Salir de una crisis como ésta será sumamente tardado, pero no eterno. Porque la estrategia para enfrentar el robo de combustible requiere mucho más que el control de ductos o el transporte de pipas que hay hoy; porque requiere por igual de un cambio económico a muy largo plazo en el que existan oportunidades que hagan del robo algo que nadie deba considerar, así como de un cambio social en el que la autoridad pueda ser respetada. Un cambio que involucre a ciudadanos y a gobierno, en el que unos puedan confiar en otros y viceversa. En el gobierno para protección y en los ciudadanos para que arriesgar su vida de tal manera no les parezca algo lógico.
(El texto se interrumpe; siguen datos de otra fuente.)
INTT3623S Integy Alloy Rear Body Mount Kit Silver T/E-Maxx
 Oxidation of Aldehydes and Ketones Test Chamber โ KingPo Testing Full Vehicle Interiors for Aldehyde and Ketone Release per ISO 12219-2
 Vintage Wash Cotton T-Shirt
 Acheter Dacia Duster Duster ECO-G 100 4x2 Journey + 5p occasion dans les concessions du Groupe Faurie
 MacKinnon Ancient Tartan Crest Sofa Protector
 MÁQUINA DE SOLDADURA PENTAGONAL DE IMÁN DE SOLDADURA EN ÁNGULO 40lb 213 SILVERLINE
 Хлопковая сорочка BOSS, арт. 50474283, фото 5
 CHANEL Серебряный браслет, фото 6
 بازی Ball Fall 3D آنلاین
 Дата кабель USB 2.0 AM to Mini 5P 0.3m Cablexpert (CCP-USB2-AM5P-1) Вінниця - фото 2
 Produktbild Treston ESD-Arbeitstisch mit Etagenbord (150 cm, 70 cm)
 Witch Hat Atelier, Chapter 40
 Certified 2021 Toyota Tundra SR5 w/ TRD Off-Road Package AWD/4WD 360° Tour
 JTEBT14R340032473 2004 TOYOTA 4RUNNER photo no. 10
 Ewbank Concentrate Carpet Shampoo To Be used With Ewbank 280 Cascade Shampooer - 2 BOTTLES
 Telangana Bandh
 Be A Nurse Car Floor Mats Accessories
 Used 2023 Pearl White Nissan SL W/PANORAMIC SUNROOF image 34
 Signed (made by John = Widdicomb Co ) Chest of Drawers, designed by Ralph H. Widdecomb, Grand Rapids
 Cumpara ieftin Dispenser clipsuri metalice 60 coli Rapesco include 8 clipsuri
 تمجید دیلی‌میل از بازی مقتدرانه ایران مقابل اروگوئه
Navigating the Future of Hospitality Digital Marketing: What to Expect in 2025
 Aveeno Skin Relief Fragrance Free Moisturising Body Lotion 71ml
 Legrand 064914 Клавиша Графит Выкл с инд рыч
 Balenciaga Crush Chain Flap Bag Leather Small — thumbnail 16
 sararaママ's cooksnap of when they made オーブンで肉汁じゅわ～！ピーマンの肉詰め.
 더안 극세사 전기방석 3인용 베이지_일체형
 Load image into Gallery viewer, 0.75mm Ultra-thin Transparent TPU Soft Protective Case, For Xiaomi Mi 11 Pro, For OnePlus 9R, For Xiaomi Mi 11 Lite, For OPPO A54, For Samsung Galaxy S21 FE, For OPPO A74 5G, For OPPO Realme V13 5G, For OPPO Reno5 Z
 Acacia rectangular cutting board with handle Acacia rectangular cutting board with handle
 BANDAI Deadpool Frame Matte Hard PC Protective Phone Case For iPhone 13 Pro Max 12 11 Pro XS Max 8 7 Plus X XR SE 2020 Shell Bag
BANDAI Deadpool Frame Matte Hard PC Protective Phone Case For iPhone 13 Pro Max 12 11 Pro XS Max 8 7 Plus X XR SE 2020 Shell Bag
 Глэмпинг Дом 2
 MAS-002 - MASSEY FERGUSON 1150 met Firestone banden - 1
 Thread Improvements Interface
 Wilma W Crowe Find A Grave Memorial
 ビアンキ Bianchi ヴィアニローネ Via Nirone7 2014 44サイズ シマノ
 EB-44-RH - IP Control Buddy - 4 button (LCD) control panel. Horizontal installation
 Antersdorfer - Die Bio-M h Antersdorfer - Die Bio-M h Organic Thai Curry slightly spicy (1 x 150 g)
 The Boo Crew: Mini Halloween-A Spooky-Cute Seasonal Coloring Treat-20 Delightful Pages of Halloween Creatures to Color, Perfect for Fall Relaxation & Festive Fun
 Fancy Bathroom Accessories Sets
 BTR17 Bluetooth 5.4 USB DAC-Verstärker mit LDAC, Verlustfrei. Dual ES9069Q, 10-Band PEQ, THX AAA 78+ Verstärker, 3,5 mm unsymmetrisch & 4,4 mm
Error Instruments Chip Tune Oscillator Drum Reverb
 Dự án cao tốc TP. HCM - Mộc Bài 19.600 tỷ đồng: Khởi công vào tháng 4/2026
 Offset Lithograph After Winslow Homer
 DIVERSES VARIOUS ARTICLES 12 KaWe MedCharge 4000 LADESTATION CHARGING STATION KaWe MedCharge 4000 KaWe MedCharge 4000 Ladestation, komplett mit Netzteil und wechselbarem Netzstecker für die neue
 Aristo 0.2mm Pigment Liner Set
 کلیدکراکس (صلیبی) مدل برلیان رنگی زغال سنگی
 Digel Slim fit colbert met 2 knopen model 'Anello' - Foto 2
PD: Morena, en voz de Mario Delgado, su coordinador en la Cámara de Diputados, respondió a la tragedia con la promesa de convertir el robo de combustible en delito grave; entiéndase, en delito que lleve prisión preventiva sin posibilidad de fianza. Para más de uno esto probablemente suene a buena idea pero es una barbaridad.
De haber sido catalogado el robo de combustible como grave antes de la tragedia de Tlahuelilpan, muchos sobrevivientes hubieran terminado en la cárcel. Y cualquiera que hubiese sido detenido –tuviera o no vínculo alguno con el evento–, estaría en la cárcel por meses a espera de poder demostrar su inocencia, pues eso hace un sistema tan perverso como el de la criminalización: detener al inocente y obligarlo a demostrar que no es culpable mientras pierde su vida en ese horror llamado cárcel.
La peor reacción es el castigo sin sentido como promesa inmediata de que alguna solución aportará. No lo permitamos: que algo se aprenda del infierno que se vivió el viernes 18 de enero de 2019.